Theo Hakola - Water Is WetOn a toujours eu ici le plus grand respect pour la musique (et la personne) de Theo Hakola. Le plus baudelairien des chanteurs américains a démarré sa carrière avec Orchestre Rouge (sur une production initiale de Martin Hannett) avant de connaître un embryon de reconnaissance alternative avec Passion Fodder.

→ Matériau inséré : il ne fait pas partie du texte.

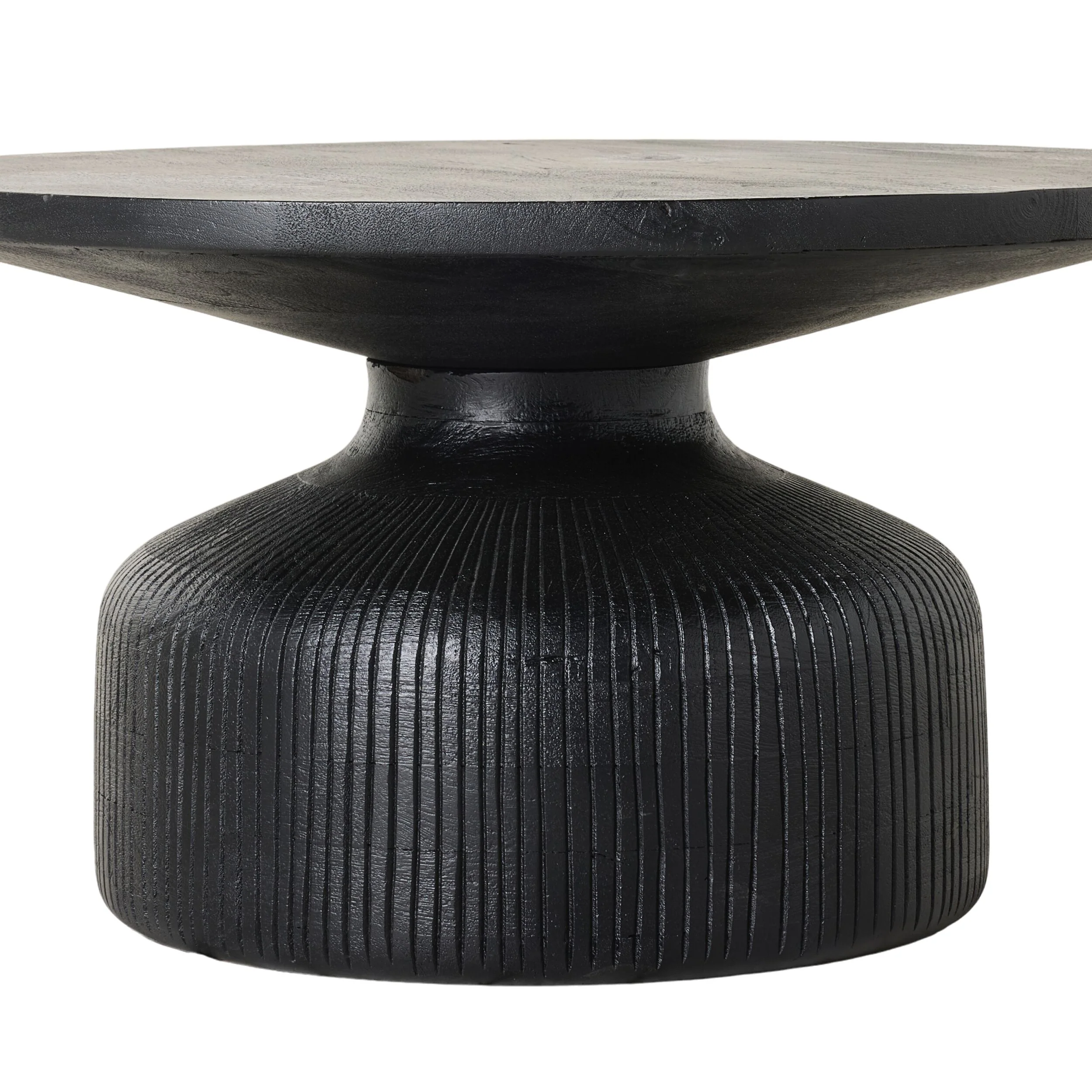 Kulli Round Coffee Table 75 x 40 x 75cm - Image 2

Depuis 1992, il trace sa route en solo avec une œuvre heurtée (et dont on avoue n’avoir pas tout suivi) rock, blues et néo-réaliste sans véritable équivalent, oeuvre poétique et sombre, mais aussi politique et engagée à l’image du très beau This Land Is Not Your Land de 2012.

Water Is Wet succède, dans une production touffue mais de plus en plus espacée, à I Fry Mine In Butter en 2016, album qu’on n’a pas écouté, et à diverses productions pour des films ou travaux spécifiques comme un spectacle (qu’on recommande à l’aveugle) de lecture instrument/voix du Dracula de Bram Stoker avec le comédien Jacques Bonnaffé (le 13 décembre à la Maison de la Poésie).

L’eau est humide, donc, sortira le 24 janvier 2020 sur Microcultures et est précédé d’un clip un peu cheap en illustration d’une belle chanson classique, Who The Hell?, qui témoigne que les qualités d’écriture du chanteur sont intactes. Sa voix caractéristique n’a pas vieilli, chaînon manquant entre Nick Cave et Peter Perrett, et son écriture est toujours aussi généreuse (trop) et littéraire.

All the spaces you once lit up have gone black with blues so big
Colors have all been drained from life, like blood from a stuck pig
LOVING YOU FOR TOO LONG, don’t know how to live SINCE YOU’VE BEEN GONE
Don’t know nothing better than to sit here writing another stupid song

Theo Hakola parle d’amour, de lui, de rock et écrit des chansons comme on consume sa vie, par nécessité absolue. C’est cette urgence permanente et cette sincérité totale qui l’animent depuis plus de quarante ans maintenant (il a 65 ans) et qu’on aime retrouver de temps à autre, avec cette distance polie mais affectueuse d’avec les talents de « second rang », trop petits peut-être pour changer la vie, mais suffisamment grands pour éclairer et accompagner quelques moments importants de notre vie. La pochette de l’album est magnifique de simplicité.